I have created a prediction dataset as an example.

library(mgcv)
data(columb)
data(columb.polys)

b <- gam(crime ~ s(district,bs="mrf",xt=xt),data=columb,method="REML")
plot(b,scheme=1)


#Create prediction dataset

df <- data.frame(district=numeric(0),x=numeric(0),y= numeric(0)) #Create empty df to store x, y and IDs for each polygon

# Extract x and y coordinates from each polygon and assign district ID
for (i in 1:length(columb.polys)) {
  district <- i-1
  x <- columb.polys[[i]][,1]
  y <- columb.polys[[i]][,2]
  df <- rbind(df,cbind(district,x,y)) 
}

sp <- df %>%
  group_by(district) %>%
  do(poly=dplyr::select(., x, y) %>%Polygon()) %>%
  rowwise() %>%
  do(polys=Polygons(list(.$poly),.$district)) %>%
  {SpatialPolygons(.$polys)}


#Convert sp to sf object
sp_sf <- st_as_sf(sp, proj4string='+proj=utm +zone=48N +ellps=WGS84 +units=m')
sp_sf <- st_set_crs(sp_sf, '+proj=utm +zone=48N +ellps=WGS84 +units=m')

#Make grid
grid <- st_make_grid(sp_sf, 
                           cellsize = 0.05, 
                              what = "centers", crs = '+proj=utm +zone=48N +ellps=WGS84 +units=m')

#intersection of grid and Columbus, Ohio
pred_grid <- st_intersection(grid, st_buffer(sp_sf, dist=0))
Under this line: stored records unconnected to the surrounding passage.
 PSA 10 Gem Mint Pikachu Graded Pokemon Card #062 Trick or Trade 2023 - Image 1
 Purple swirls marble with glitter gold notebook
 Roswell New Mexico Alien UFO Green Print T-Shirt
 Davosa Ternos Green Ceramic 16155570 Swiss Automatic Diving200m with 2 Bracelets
pred_b <- predict(b, pred_data)

Error in data[[txt]] : subscript out of bounds

Thank you!

1

There are 1 answers

0
Gavin Simpson On

This isn't possible with the MRF, at least so far as I know. In the model you show, you only have the MRF smooth, so the conditional distribution of the response is modelled as estimated values for each district under the constraint that the nearby districts are similar to one another-ish. To use the model you need to predict for the districts, not some other data.

I'm assuming in this line

pred_b <- predict(b, pred_data)

you meant

pred_b <- predict(b, pred_grid)

If your real problem has a mixture of data on a grid and at a region level, you can predict on the grid, but you'll need to assign each grid location to a region so that you can pass in a column like District which is what feeds into the the MRF term.